◆ Pictures with short captions:
--------------------------------
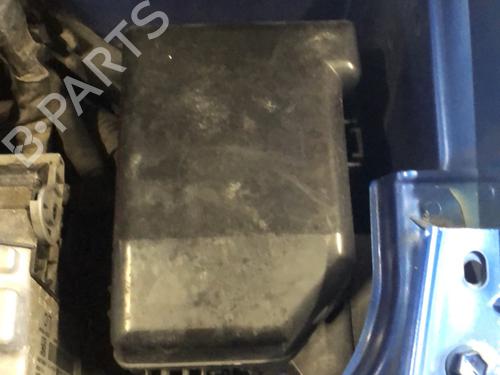 Used Fuse box Fuse box 36578640 36578640
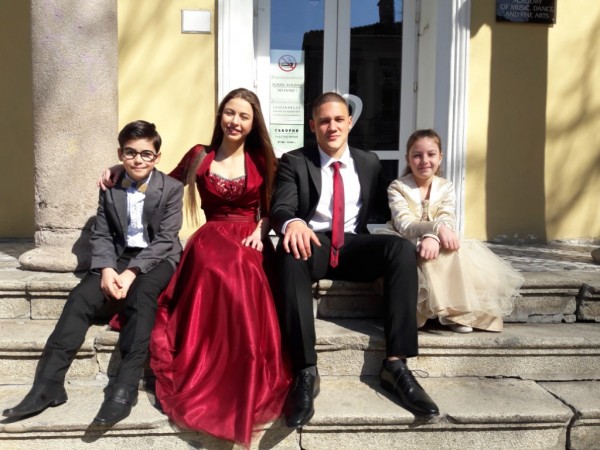 Шест първи награди за пианистите на Елена Юлианова 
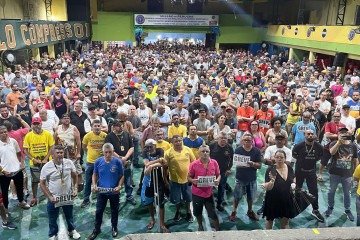 Membros do SINTECT-SP cruzam os braços em resposta direta à falta de avanço nas negociações para melhorias trabalhistas nos Correios. -  (crédito: Foto: Divulgação/SINTECT-SP)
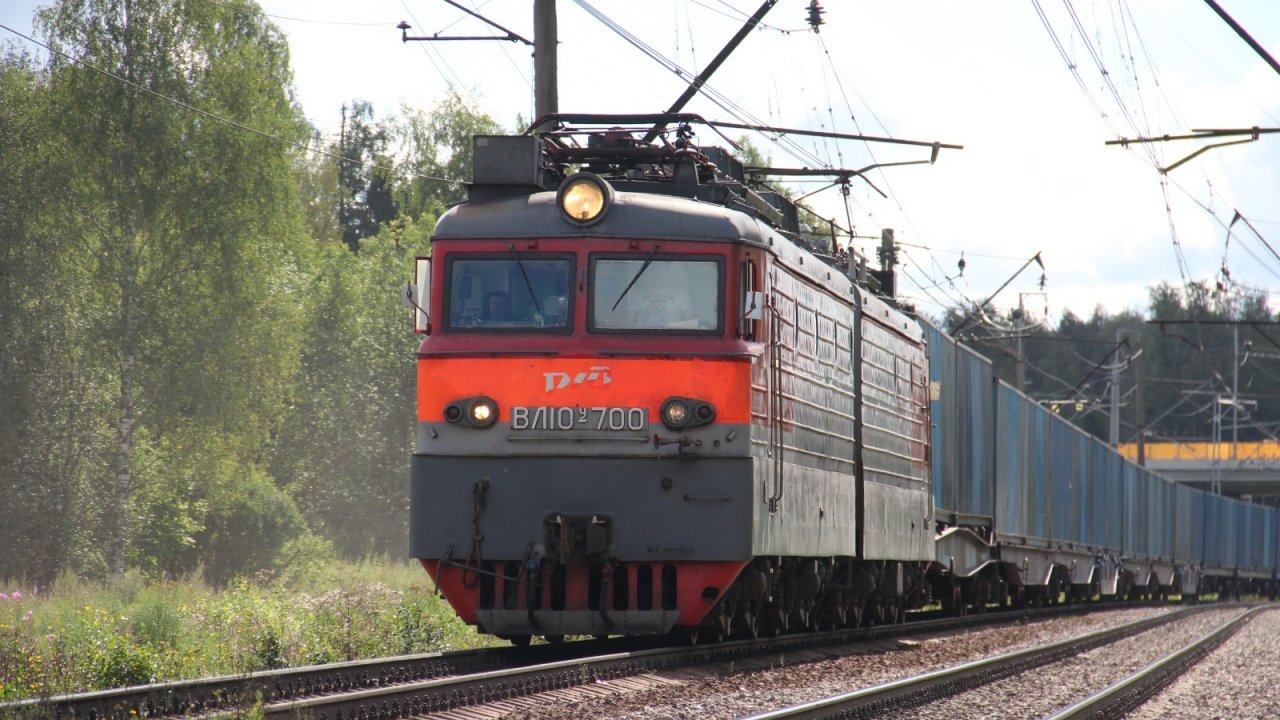 ВЛ10У - 700 с контейнерами проследует платформу Депо (БМО).
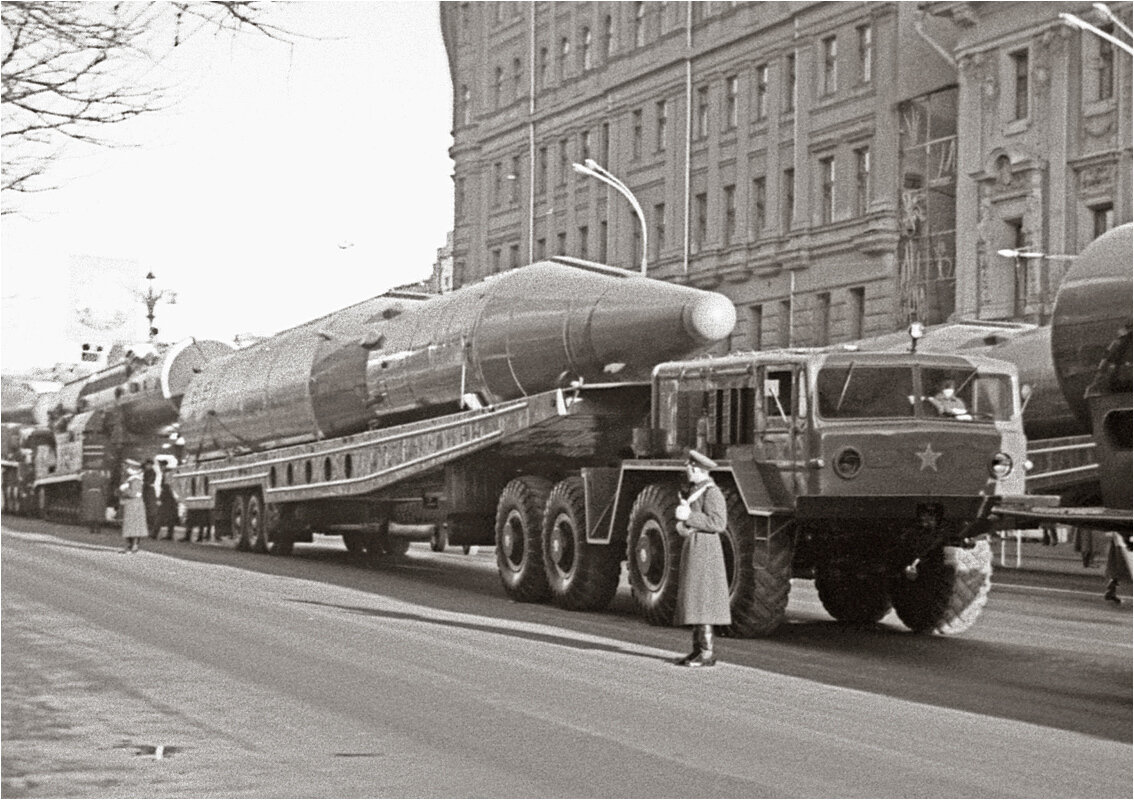 Ракета Р-14 https://yandex.ru/images/search?pos=17&img_url=http%3A%2F%2Fs4.fotokto.ru%2Fphoto%2Ffull%2F90%2F903043.jpg&text=ракета%20р-14%20фото&lr=20086&rpt=simage&source=serp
--------------------------------
◆ Problem description:
Write the lines from the one containing "Шест първи награди" through the end of the data above exactly as they appear, and do not carry over any picture.

◆ Output of the exercise:
 Шест първи награди за пианистите на Елена Юлианова 
 Membros do SINTECT-SP cruzam os braços em resposta direta à falta de avanço nas negociações para melhorias trabalhistas nos Correios. -  (crédito: Foto: Divulgação/SINTECT-SP)
 ВЛ10У - 700 с контейнерами проследует платформу Депо (БМО).
 Ракета Р-14 https://yandex.ru/images/search?pos=17&img_url=http%3A%2F%2Fs4.fotokto.ru%2Fphoto%2Ffull%2F90%2F903043.jpg&text=ракета%20р-14%20фото&lr=20086&rpt=simage&source=serp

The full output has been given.